How to monitor machine code calls by binary program - c

My goal is to record the number of processor instructions executed by a given binary program through the duration of its run. While it's easy to get the actual machine code from the source code (through gdb or any other disassembler), this does not take into account function calls and branches within the program that cause instructions to be executed more than once or skipped altogether.
Is there a straightforward solution to this?
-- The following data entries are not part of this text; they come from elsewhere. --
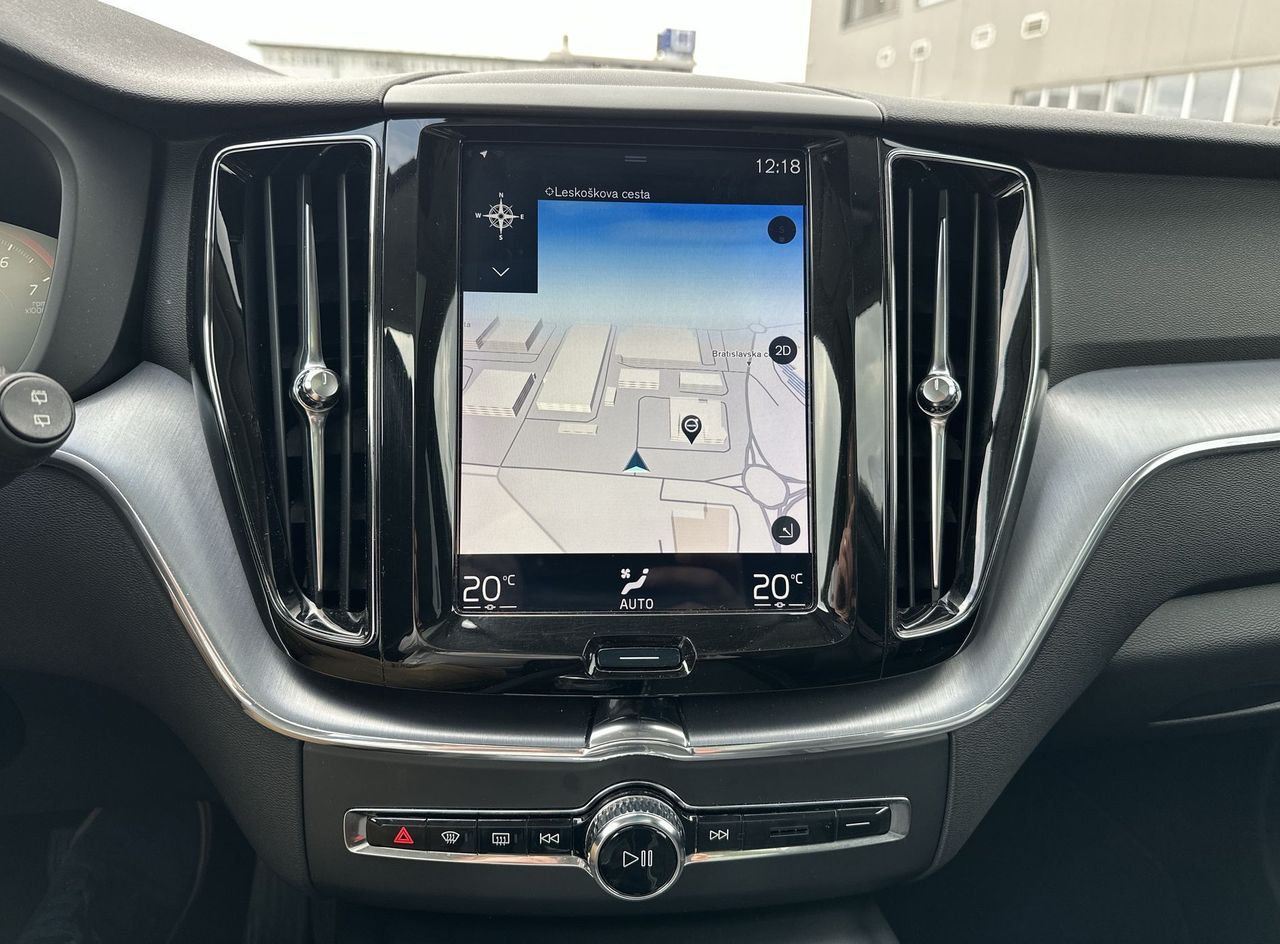 Zunanja slika - Volvo XC60 - T8 Recharge Twin Engine AUT R-Design - 20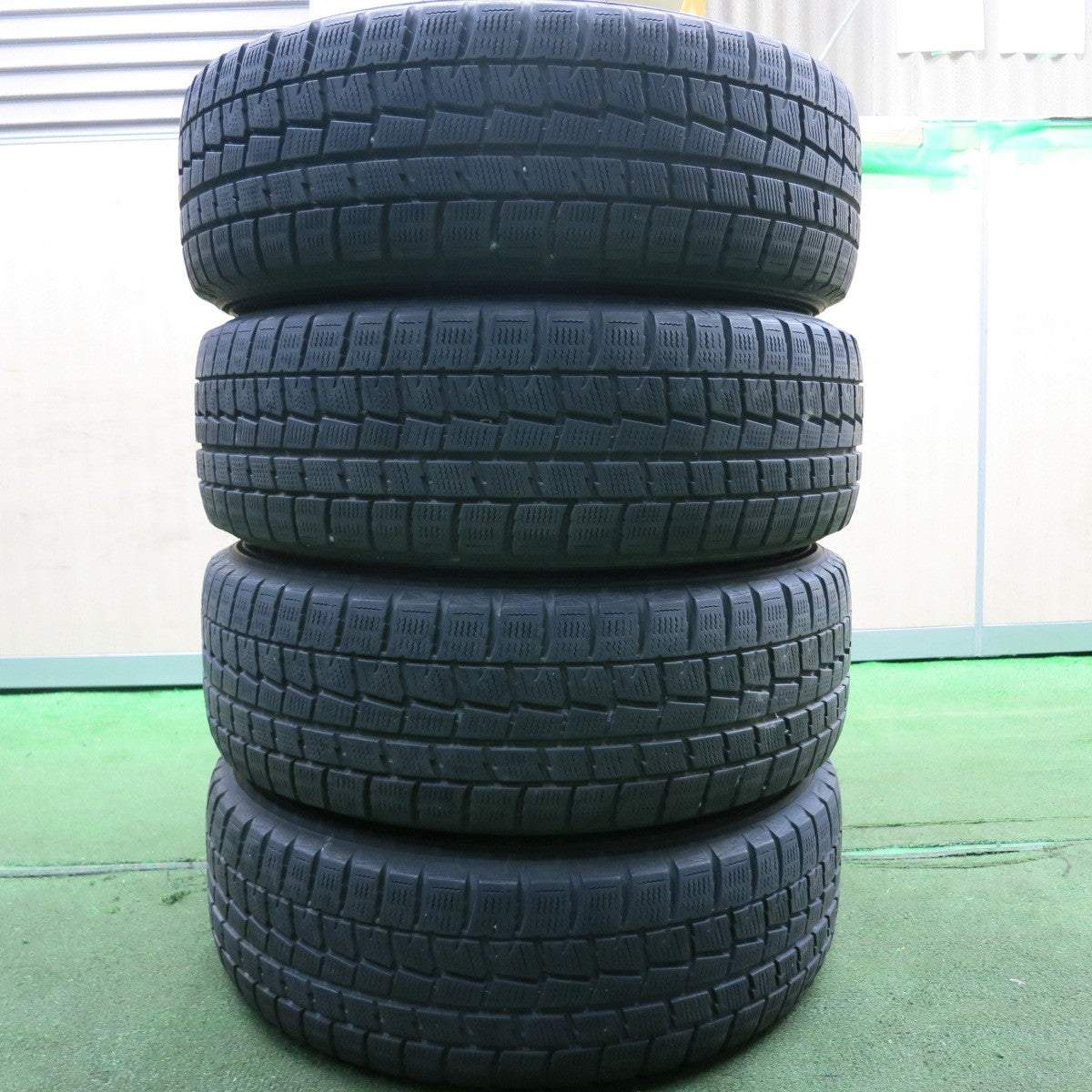 *送料無料* 4本価格★トヨタ 60系 ヴォクシー ノア 純正 195/65R15 スタッドレス ダンロップ ウインターマックス WM01 PCD114.3/5H★4050605HAス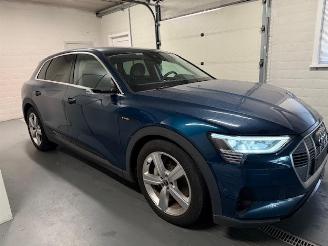 krockskadad bil auto Audi E-tron  2021/10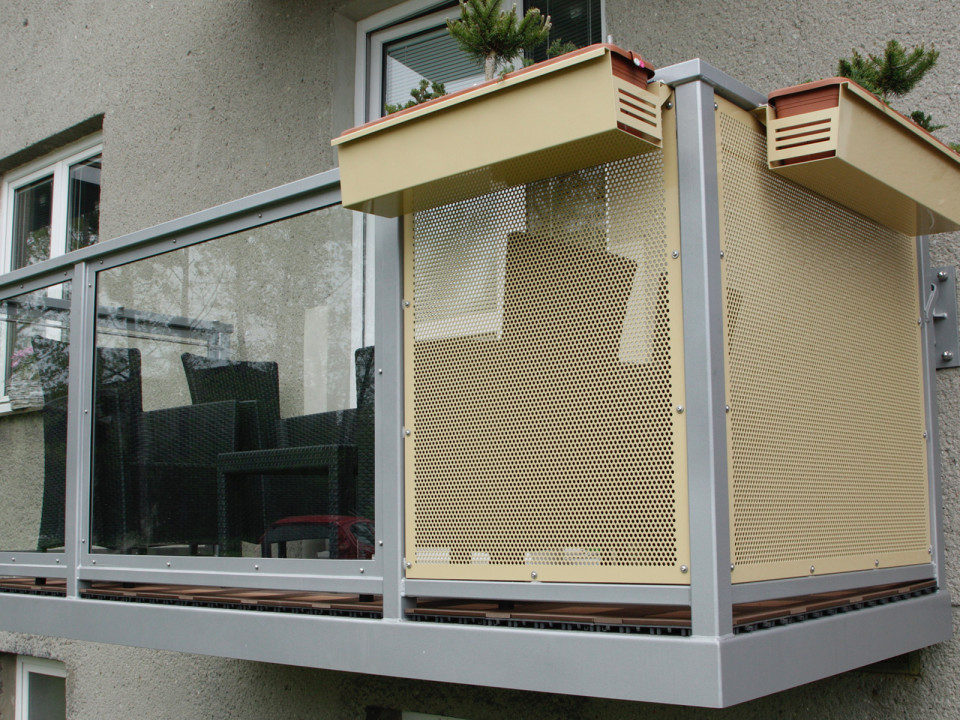 Unikátní závěsné ocelové balkony na bytovém domě Podhradí ve Štramberku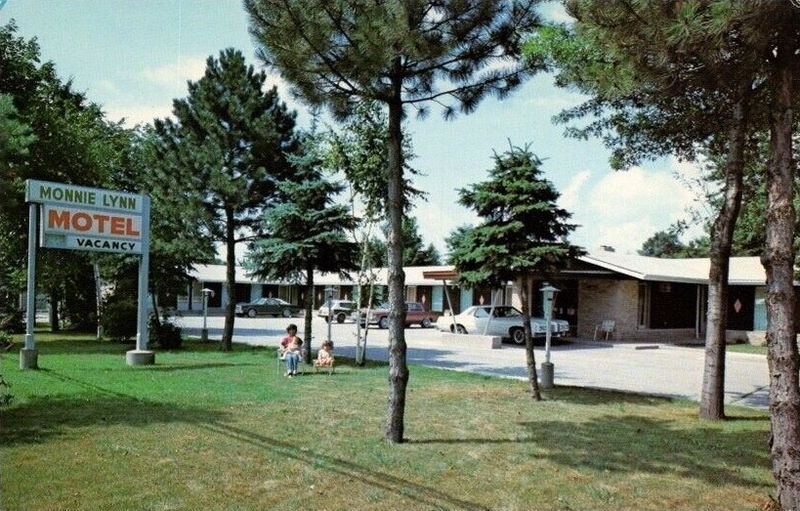 Monnie-Lynn Motel - Vintage Postcard (newer photo)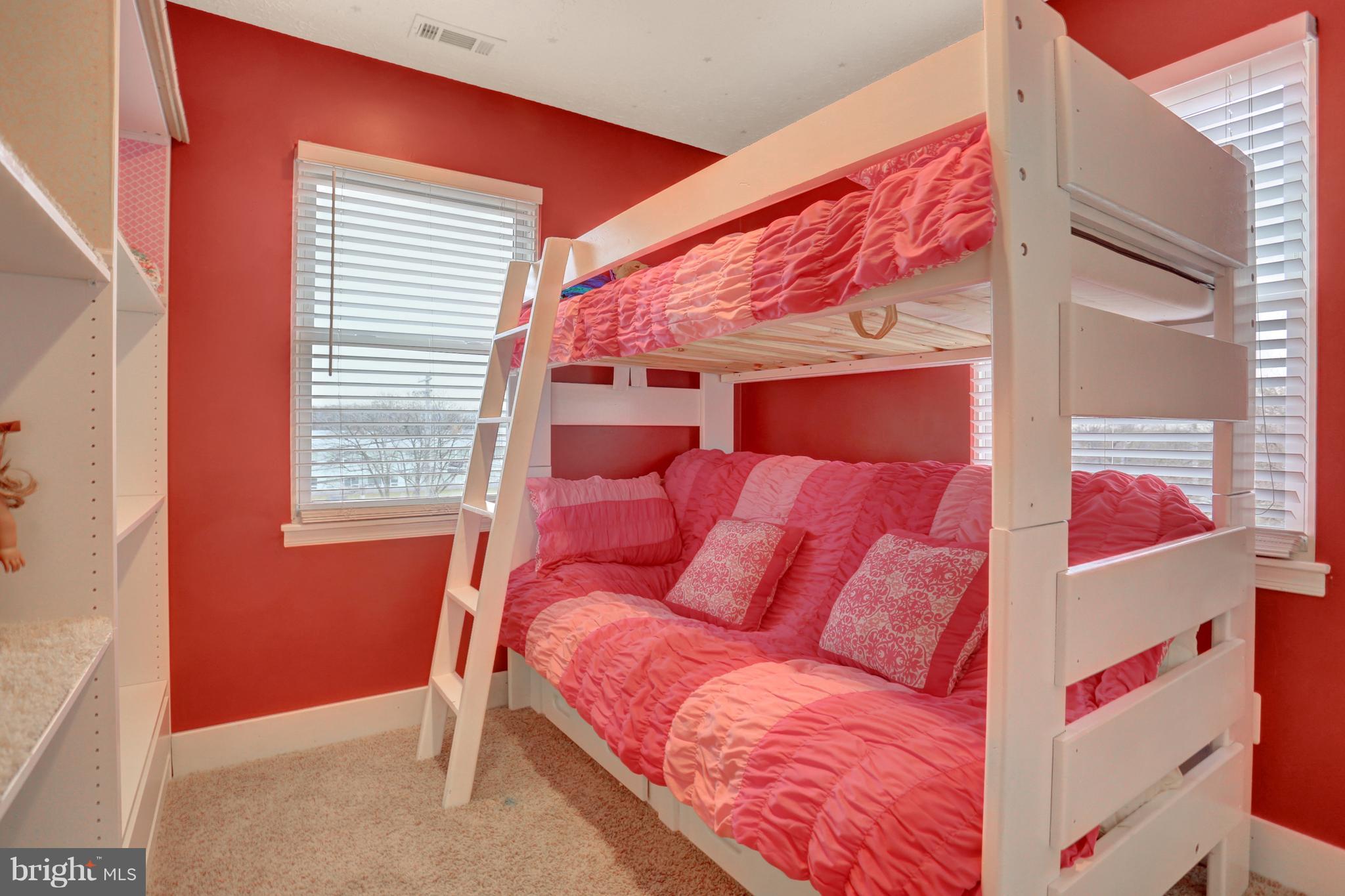 STONEYBROOKE VILLAGE - Residential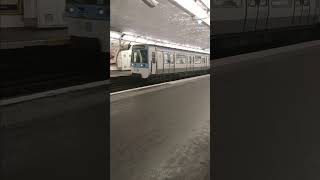 Départ d’un mf77n°176 idfm a Porte d’Italie #mf77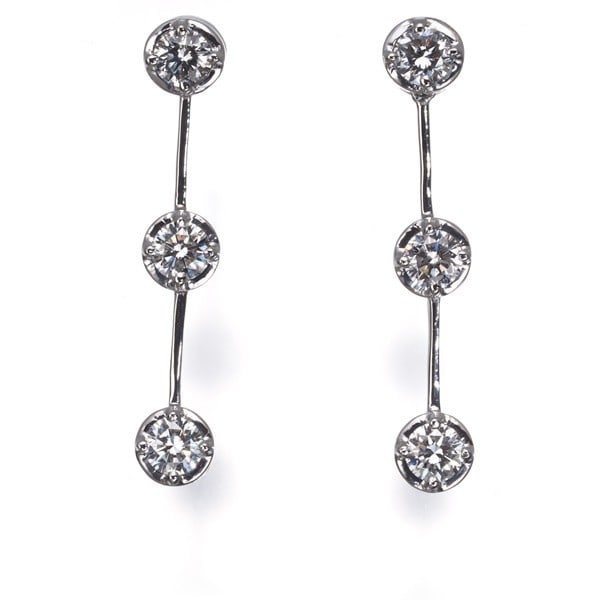 Platinum Diamond Drop 3P Earrings 900: Platinum Diamond Drop 3P Earrings 900 This listing features Platinum Diamond Drop 3P Earrings 900. Item specifics are provided below. Item Specifics: Metal: Platinum Metal Purity: 900 Type: Earrings M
This is very hardware specific, but most processors offer a facility that counts the exact number of machine instructions (and other events) that have flowed through them. That's how profilers work to capture things like cache misses: by querying these internal registers.
The PAPI library provides calls to query this data on a variety of major processors. If you're on Linux+x86, PerfSuite gives you some more high-level tools which may be easier to start with.
Intel has a monitor app you can use to watch the chip's internal counters in realtime, and their Performance Analysis Guide describes the various Performance Monitoring Units on the chip and how to read them.

If you're on Linux, you should be able to run your program through cachegrind to get instruction counts.
It may also be possible to use ollydbg's Run Trace function to obtain an instruction count, but that may be limited by memory.
Alternately, it is possible to write a small debugger that simply runs the program in single steps.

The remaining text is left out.